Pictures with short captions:
========================================================================

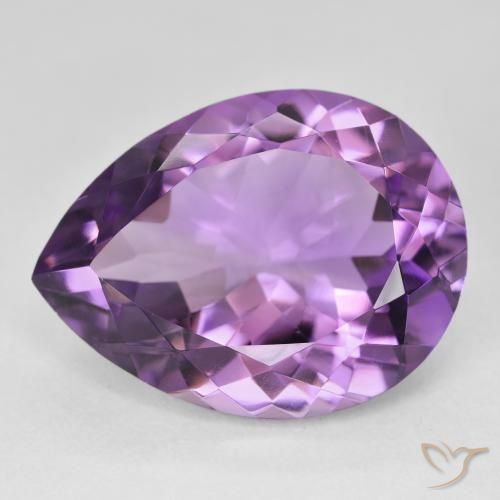 17.98ct Натуральный Светло-средний фиолетовый Аметист, Форма груши, Чистота VVS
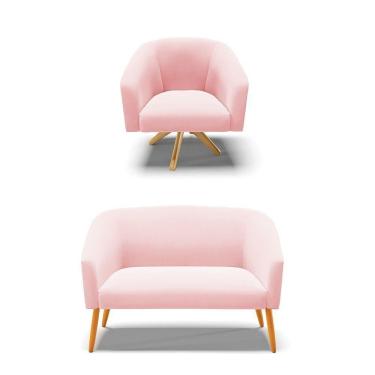 Imagem de Kit 1 Namoradeira E 1 Poltrona Rosa Bebê Base Madeira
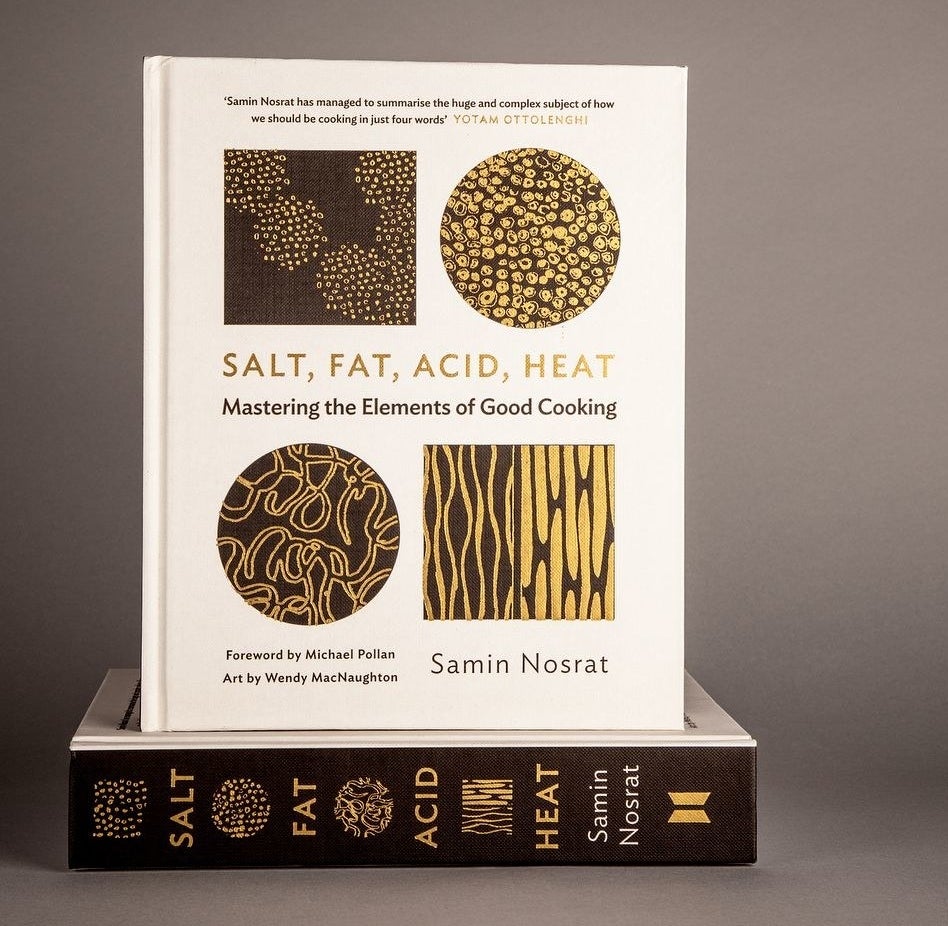 The cover of Salt Fat Acid Heat by Samin Nosrat 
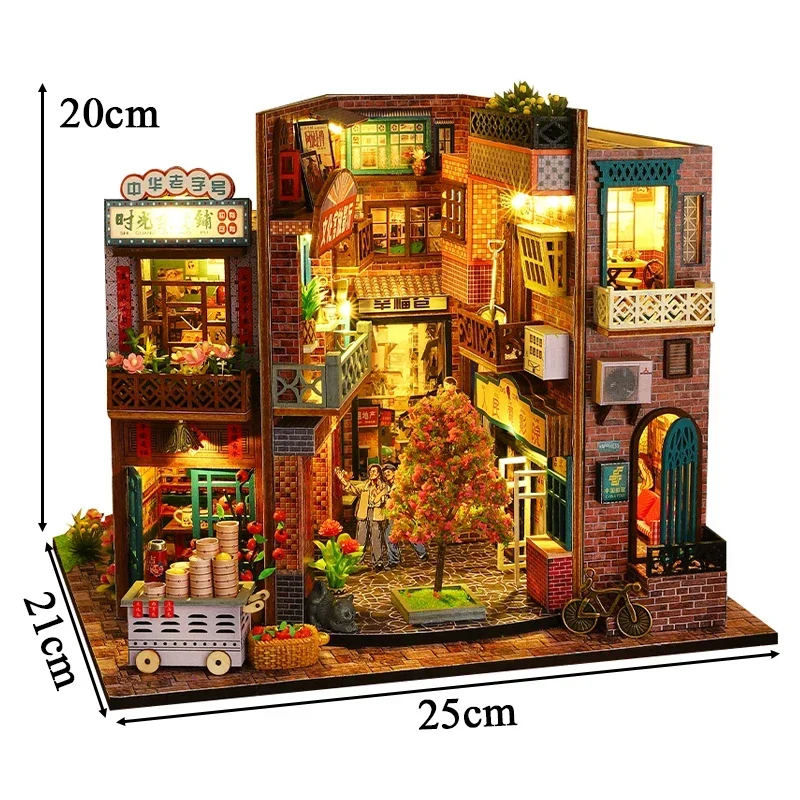 

Chinese Street View Bookends Miniature Building Kits DIY Wooden Book Nook Shelf Insert Kit Bookshelf Doll Houses Friends Gifts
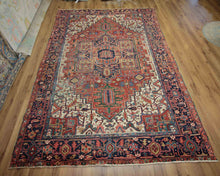 Load image into Gallery viewer, Pre-1900 Vegetable Dye Heriz Serapi Persian Area Rug 8x10 One of a Kind
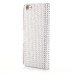 Bling Rhinestone Magnetic Folio Leather Case with Card Slot for iPhone 6 Plus - Silver
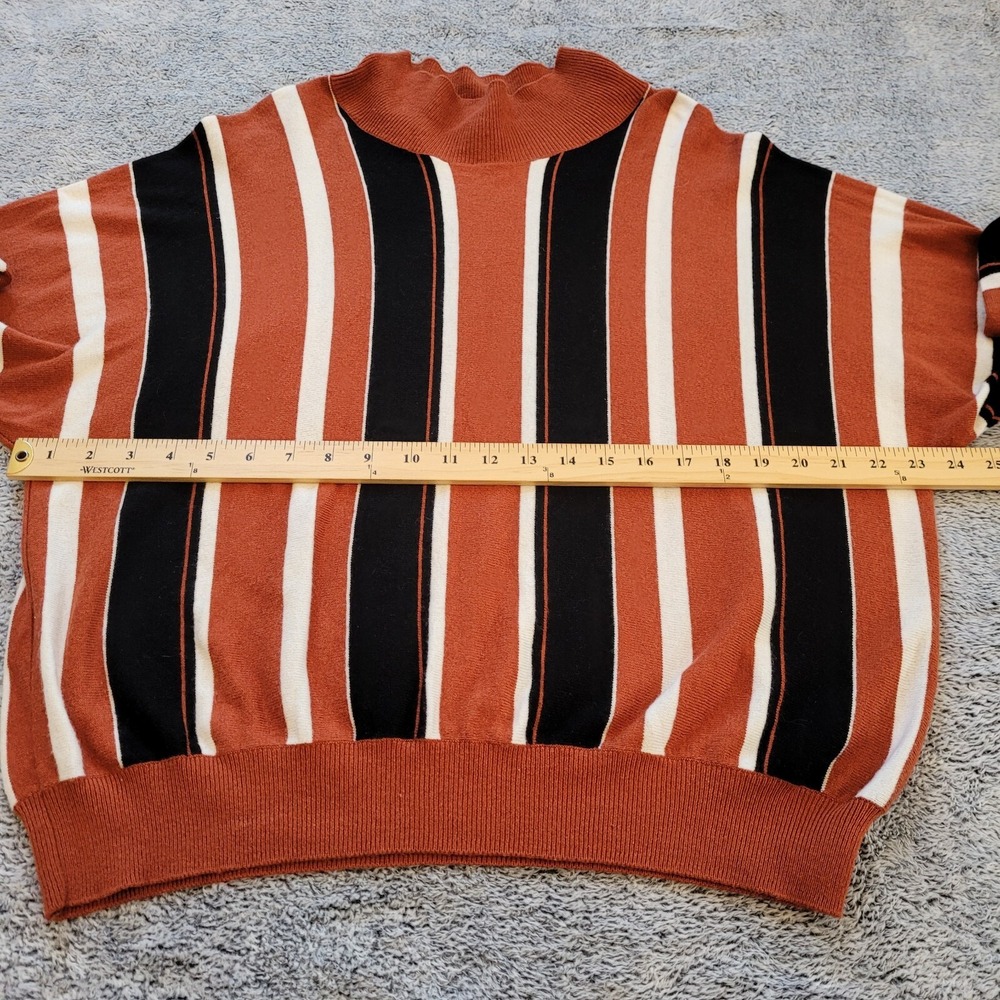 Leith Women Sweater Size XL Retro Stripe Wool Blend Boxy Boho Cozy Preppy 15993x - Picture 9 of 11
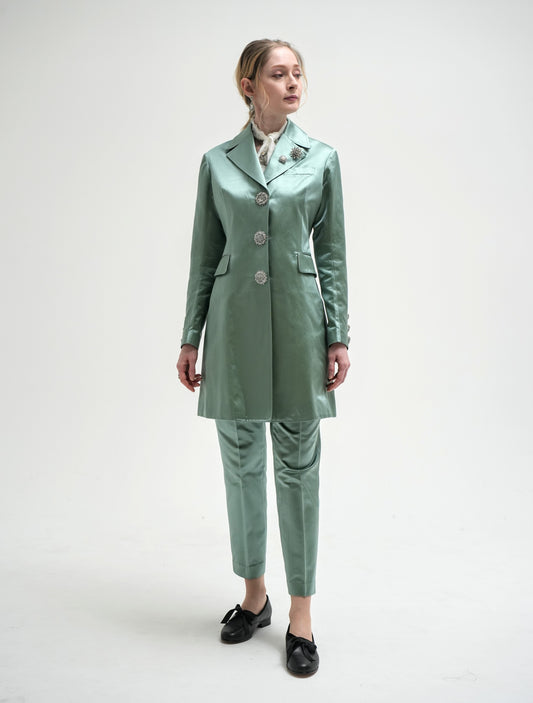 Silk cotton satin rhinestone button coat *Made to order
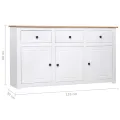Buffet Blanc 135x40x80 cm Pin solide Gamme Panama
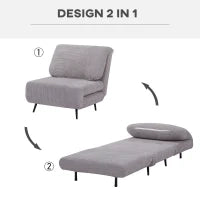 Poltrona Letto 2 in 1 Singola, Schienale Regolabile su 3 Livelli e Imbottito, Struttura in Legno e Acciaio
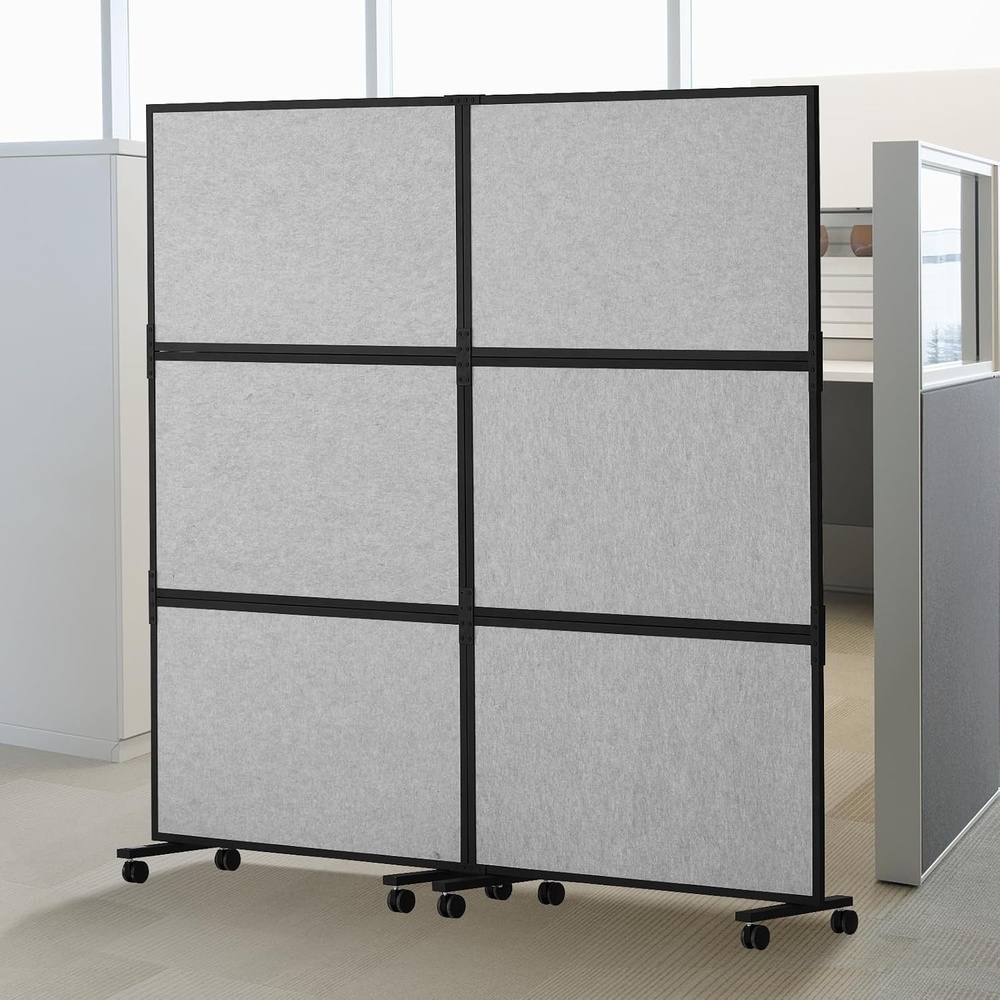 image:imageVEVOR Office Divider 2 Panel Office Partition Freestanding Office Divider Wall Partition amp Privacy Divider Reduce Noise and Room Separation Light Grey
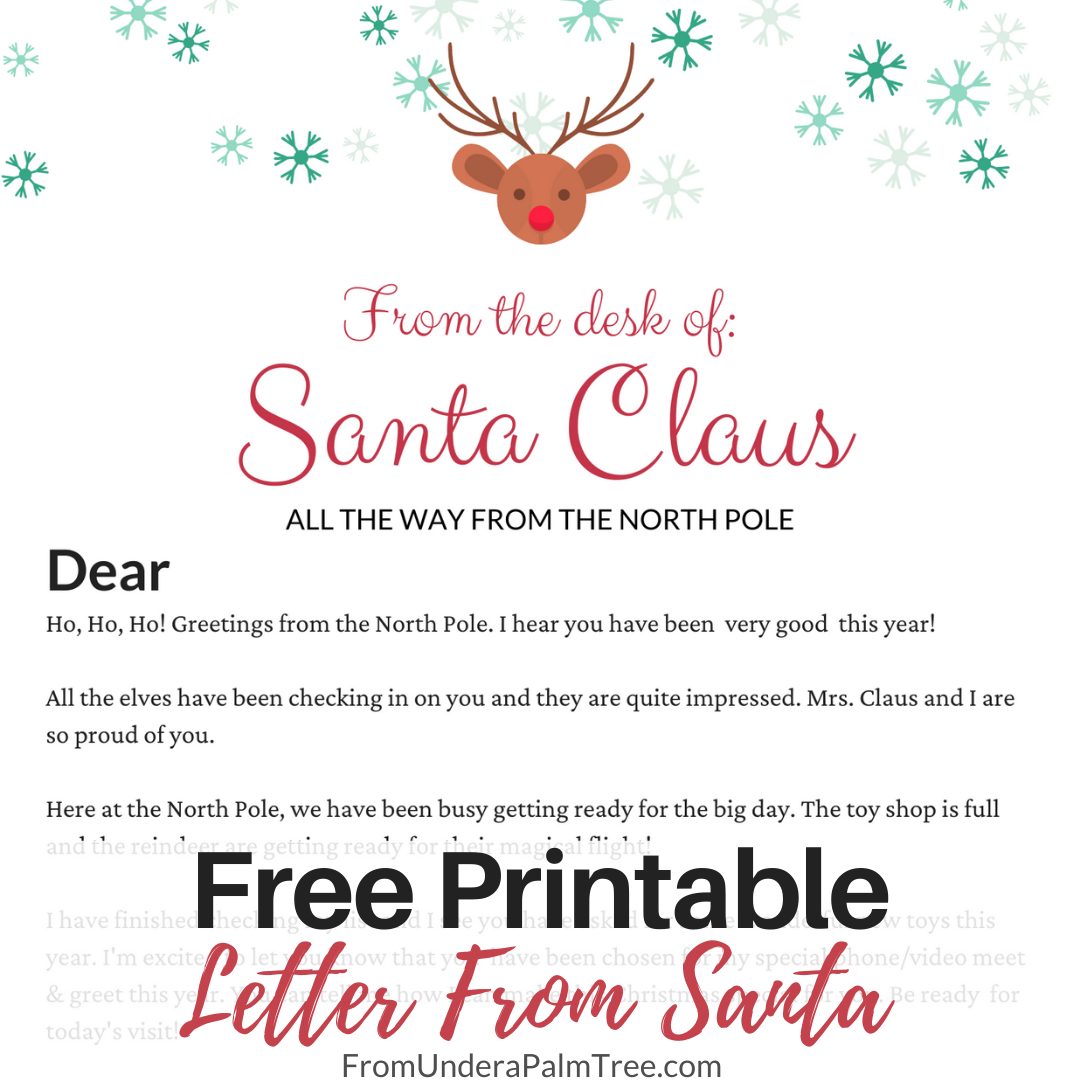 Printable Letter From Santa > From Under a Palm Tree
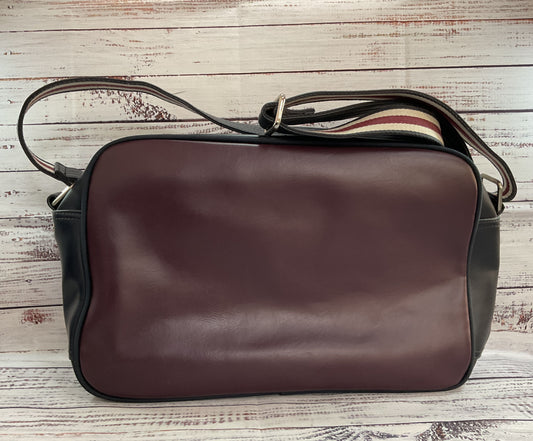 Ben Sherman Men's Plum Faux Leather Messenger Bag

========================================================================

Task description: Would you write each entry out again exactly, omitting the images?

Solution to this exercise:
 17.98ct Натуральный Светло-средний фиолетовый Аметист, Форма груши, Чистота VVS
 Imagem de Kit 1 Namoradeira E 1 Poltrona Rosa Bebê Base Madeira
 The cover of Salt Fat Acid Heat by Samin Nosrat 

Chinese Street View Bookends Miniature Building Kits DIY Wooden Book Nook Shelf Insert Kit Bookshelf Doll Houses Friends Gifts
 Load image into Gallery viewer, Pre-1900 Vegetable Dye Heriz Serapi Persian Area Rug 8x10 One of a Kind
 Bling Rhinestone Magnetic Folio Leather Case with Card Slot for iPhone 6 Plus - Silver
 Leith Women Sweater Size XL Retro Stripe Wool Blend Boxy Boho Cozy Preppy 15993x - Picture 9 of 11
 Silk cotton satin rhinestone button coat *Made to order
Buffet Blanc 135x40x80 cm Pin solide Gamme Panama
 Poltrona Letto 2 in 1 Singola, Schienale Regolabile su 3 Livelli e Imbottito, Struttura in Legno e Acciaio
 image:imageVEVOR Office Divider 2 Panel Office Partition Freestanding Office Divider Wall Partition amp Privacy Divider Reduce Noise and Room Separation Light Grey
 Printable Letter From Santa > From Under a Palm Tree
 Ben Sherman Men's Plum Faux Leather Messenger Bag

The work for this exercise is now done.